▶ EXERCISE PROMPT
Find the line with "Invitación Patrón de" in the entries below, then output every line from it down to the line with "Future sci-fi style quadcopter 3D model", exactly and with no pictures.

▶ DATASET RECORDS
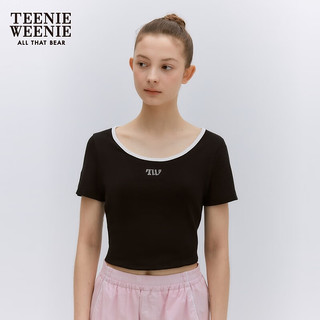 Teenie Weenie小熊2024年夏季撞色圆领短袖T恤多巴胺ins风时尚 黑色 170/L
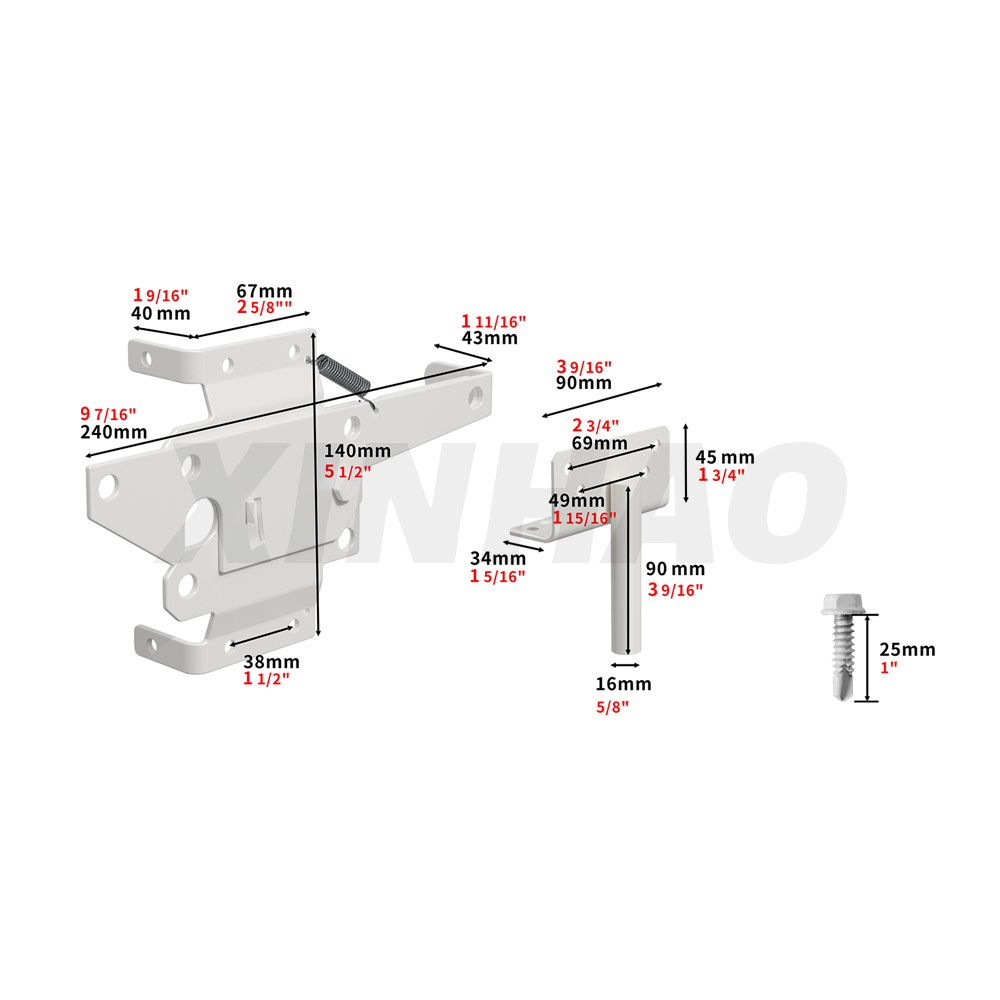 Easy To Install Self-Closing Heavy Duty Fence Gate Latch For Wooden Door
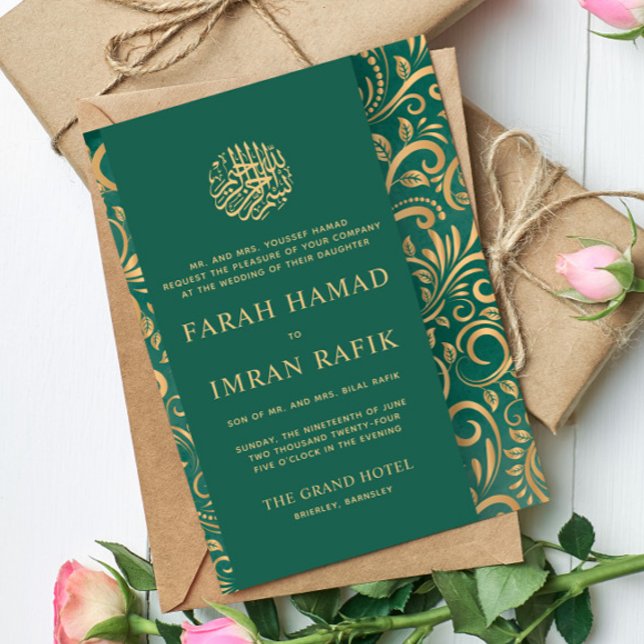 Invitación Patrón de oro verde claro Boda musulmán islámico (Subido por el creador)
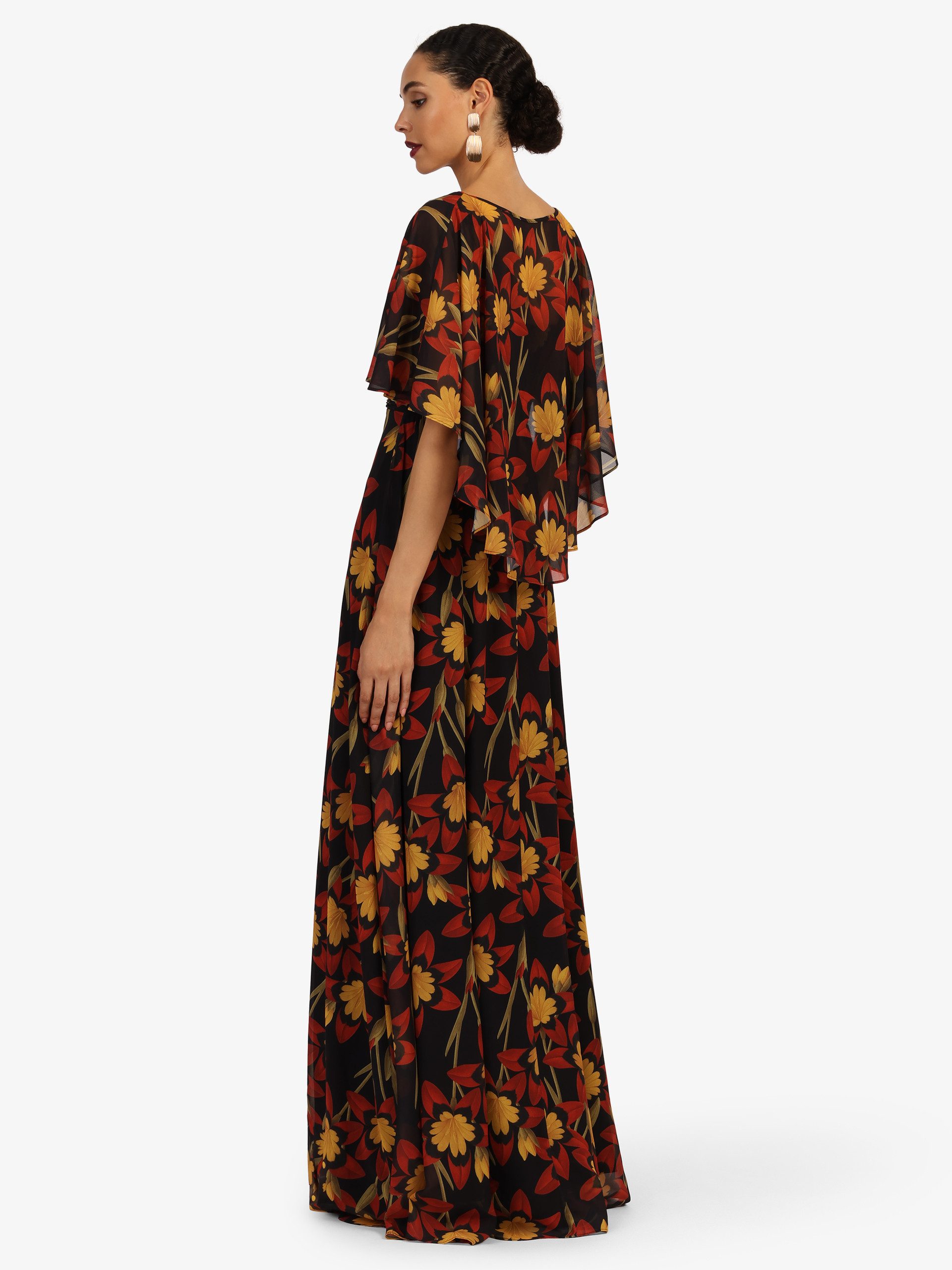 Kraimod Abendkleid mit floralem Print und Volantärmeln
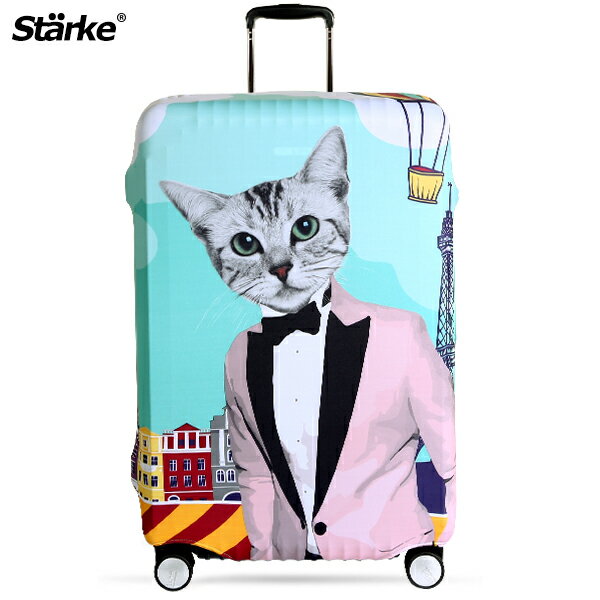 <br/><br/>  E&J【010001-10】Starke 高彈性行李箱套 - 紳士貓咪；適用26-29吋/防塵套/防刮/行李箱保護套<br/><br/>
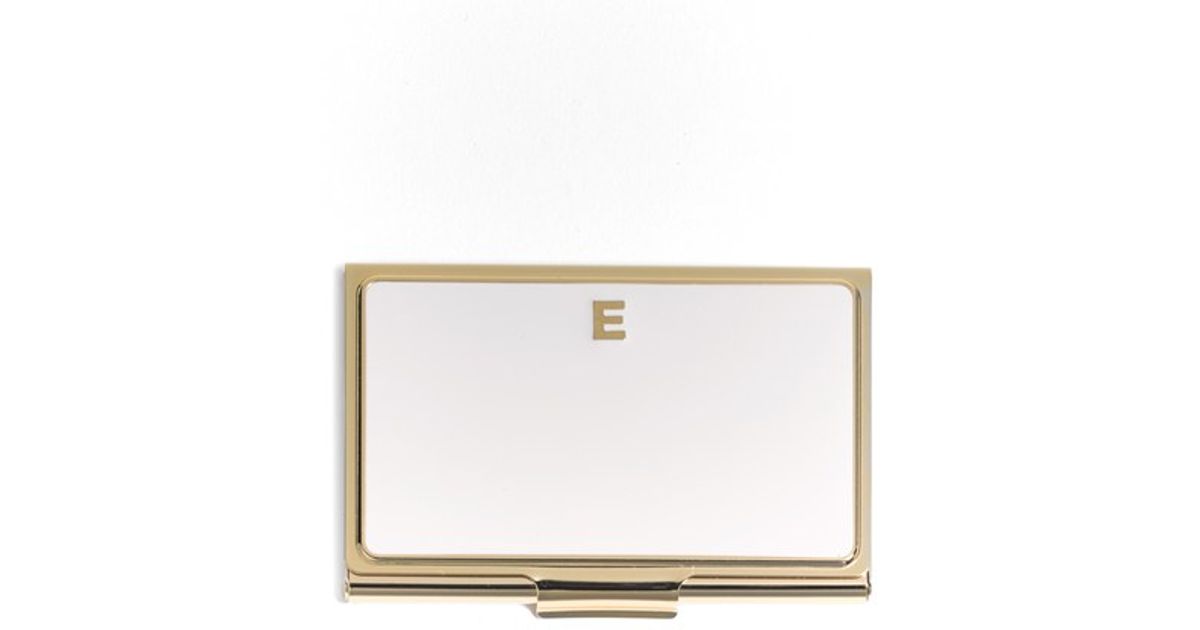 Kate Spade New York E In A Million Business Card Holder In Metallic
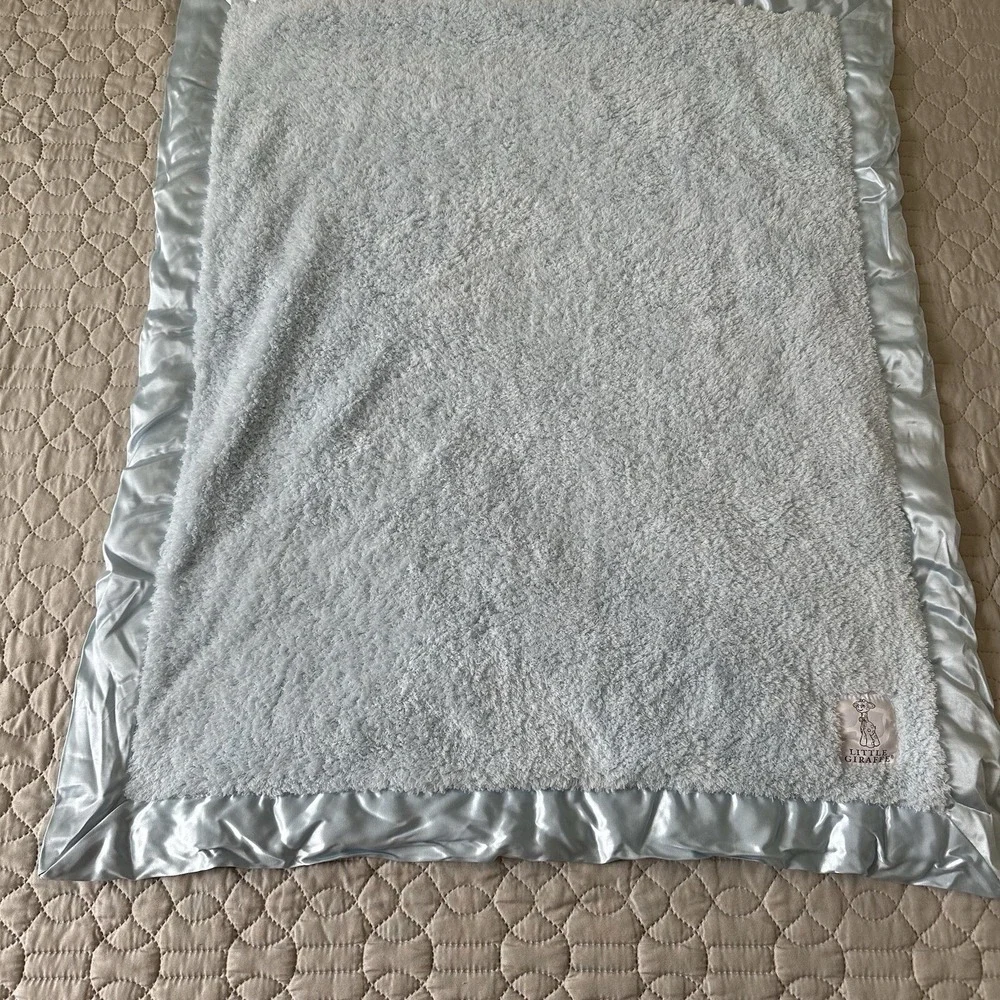 Little Giraffe Luxe Satin Trimmed Chenille Soft Faux Fur Baby Blanket Blue USA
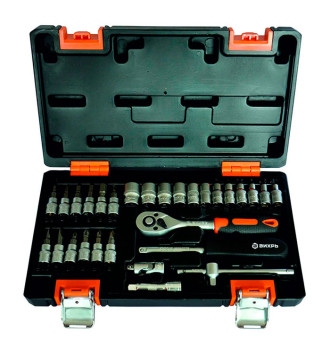 Набор инструментов Вихрь, 1/4" , CrV, в кейсе 29 предм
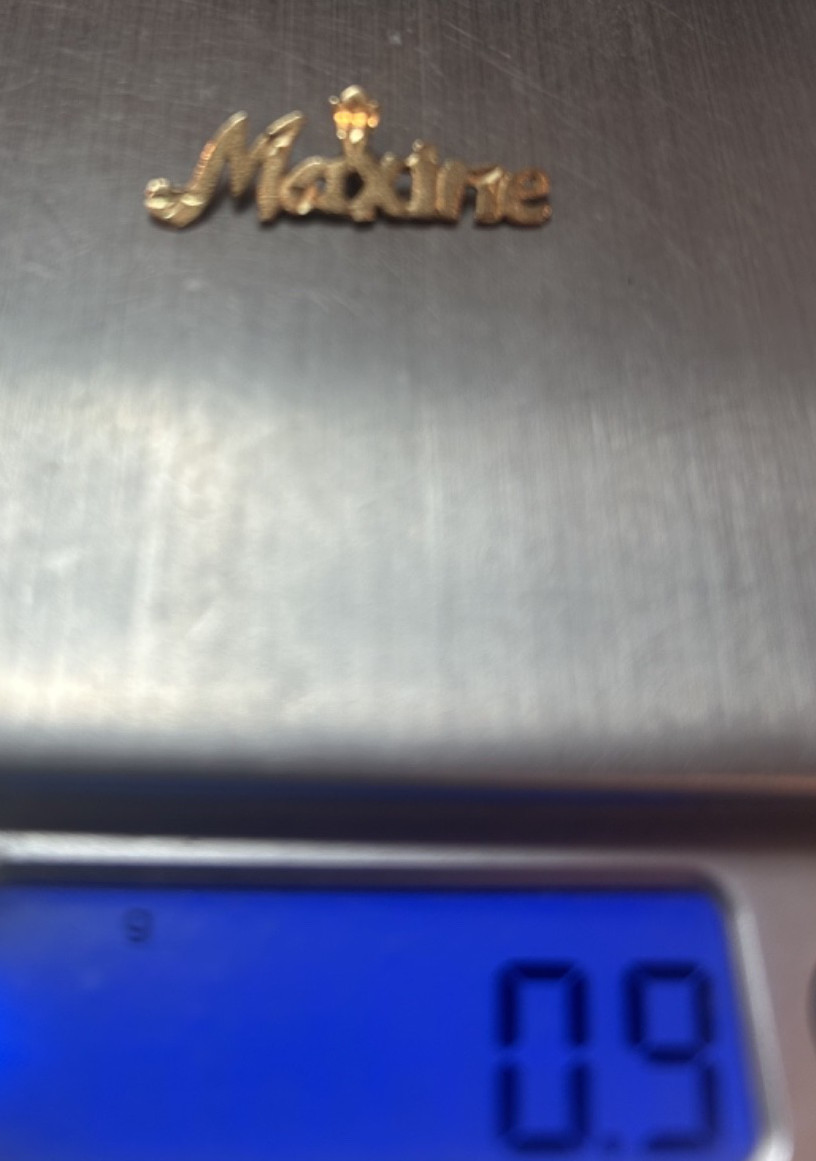 Small Solid 14K Gold Personalized Script Necklace… - image 1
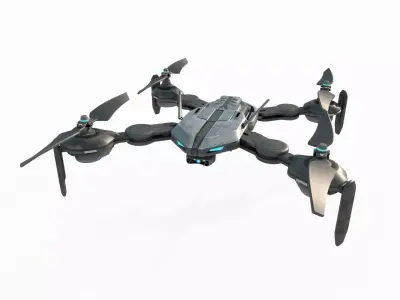Future sci-fi style quadcopter 3D model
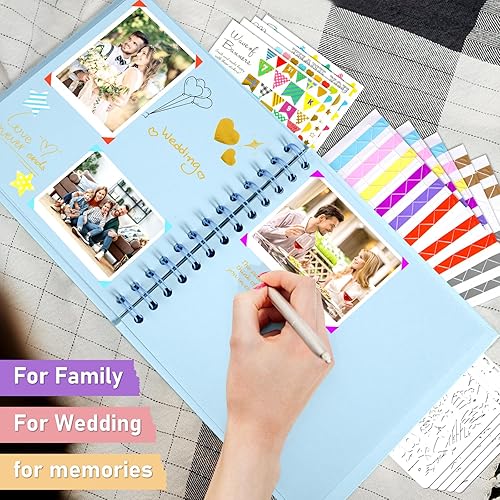 Vista 81 de Gotideal Álbum de recortes de bricolaje, papel para manualidades, álbum de fotos de boda y aniversario, álbum de recortes familiar, accesorios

▶ ANSWER TO THE PROBLEM
 Invitación Patrón de oro verde claro Boda musulmán islámico (Subido por el creador)
 Kraimod Abendkleid mit floralem Print und Volantärmeln
 <br/><br/>  E&J【010001-10】Starke 高彈性行李箱套 - 紳士貓咪；適用26-29吋/防塵套/防刮/行李箱保護套<br/><br/>
 Kate Spade New York E In A Million Business Card Holder In Metallic
 Little Giraffe Luxe Satin Trimmed Chenille Soft Faux Fur Baby Blanket Blue USA
 Набор инструментов Вихрь, 1/4" , CrV, в кейсе 29 предм
 Small Solid 14K Gold Personalized Script Necklace… - image 1
Future sci-fi style quadcopter 3D model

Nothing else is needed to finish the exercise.